But why would the AI kill us?

So8res

But why would the AI kill us? — LessWrong

142 But why would the AI kill us?

by So8res

17th Apr 2023

AI Alignment Forum

3 min read

142 Ω 35

Status: Partially in response to We Don't Trade With Ants, partly in response to watching others try to make versions of this point that I didn't like. None of this is particularly new; it feels to me like repeating obvious claims that have regularly been made in comments elsewhere, and are probably found in multiple parts of the LessWrong sequences. But I've been repeating them aloud a bunch recently, and so might as well collect the points into a single post.

This post is an answer to the question of why an AI that was truly indifferent to humanity (and sentient life more generally), would destroy all Earth-originated sentient life.

Might the AGI let us live, not because it cares but because it has no particular reason to go out of its way to kill us?

As Eliezer Yudkowsky once said:

The AI does not hate you, nor does it love you, but you are made of atoms which it can use for something else.

There's lots of energy in the biosphere! (That's why animals eat plants and animals for fuel.) By consuming it, you can do whatever else you were going to do better or faster.

(Last I checked, you can get about 10x as much energy from burning a square meter of biosphere as you can get by collecting a square meter of sunlight for a day.

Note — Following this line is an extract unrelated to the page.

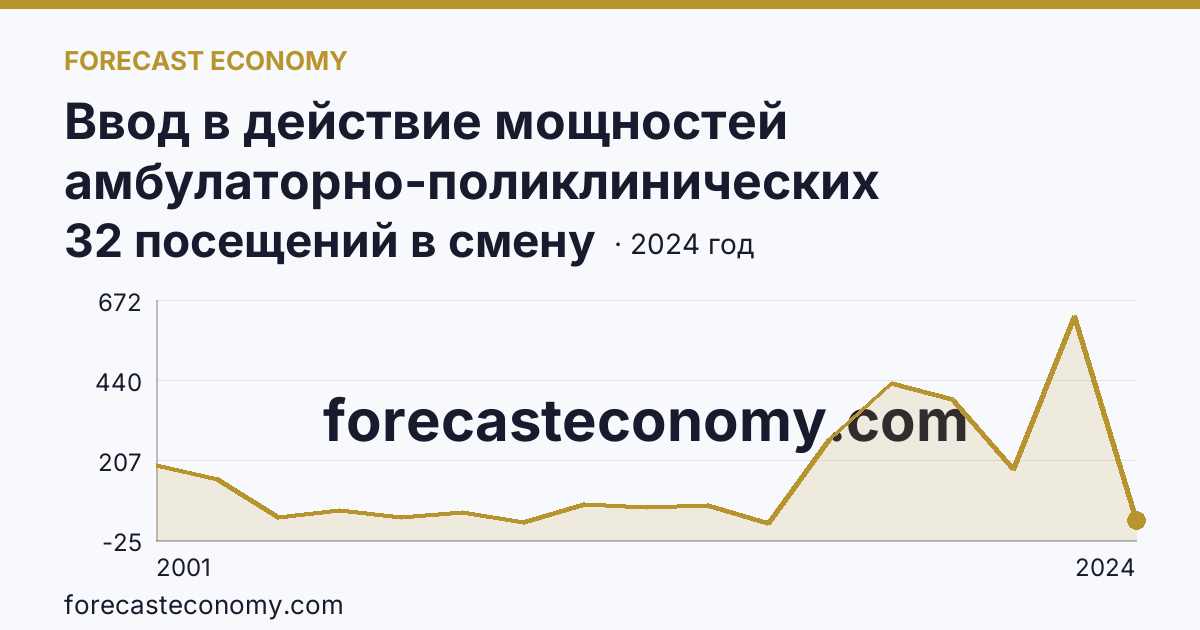 Ввод в действие мощностей амбулаторно-поликлинических организаций — всего — Владимирская область: график динамики 2001–2024, последнее значение 32 посещений в смену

But I haven't done the calculation for years and years and am pulling that straight out of a cold cache. That energy boost could yield a speedup (in your thinking, or in your technological design, or in your intergalactic probes themselves), which translates into extra galaxies you manage to catch before they cross the cosmic event horizon!)

But there's so little energy here, compared to the rest of the universe. Why wouldn't it just leave us be, and go mine asteroids or something?

Well, for starters, there's quite a lot of energy in the sun, and if the biosphere isn't burned for fuel then it will freeze over when the AI wraps the sun in a dyson sphere or otherwise rips it apart. It doesn't need to consume your personal biomass to kill you; consuming the sun works just fine.

And separately, note that if the AI is actually completely indifferent to humanity, the question is not "is there more energy in the biosphere or in the sun?", but rather "is there more energy available in the biosphere than it takes to access that energy?". The AI doesn't have to choose between harvesting the sun and harvesting the biosphere, it can just harvest both, and there's a lot of calories in the biosphere.

I still just think that it might decide to leave us be for some reason.

That answers above are sufficient to argue that the AI kills us (if the AI's goals are orthogonal to ours, and can be better achieved with more resources). But the answer is in fact overdetermined, because there's also the following reason.

A humanity that just finished coughing up a superintelligence has the potential to cough up another superintelligence, if left unchecked. Humanity alone might not stand a chance against a superintelligence, but the next superintelligence humanity builds could in principle be a problem. Disassembling us for parts seems likely to be easier than building all your infrastructure in a manner that's robust to whatever superintelligence humanity coughs up next. Better to nip that problem in the bud.^[1]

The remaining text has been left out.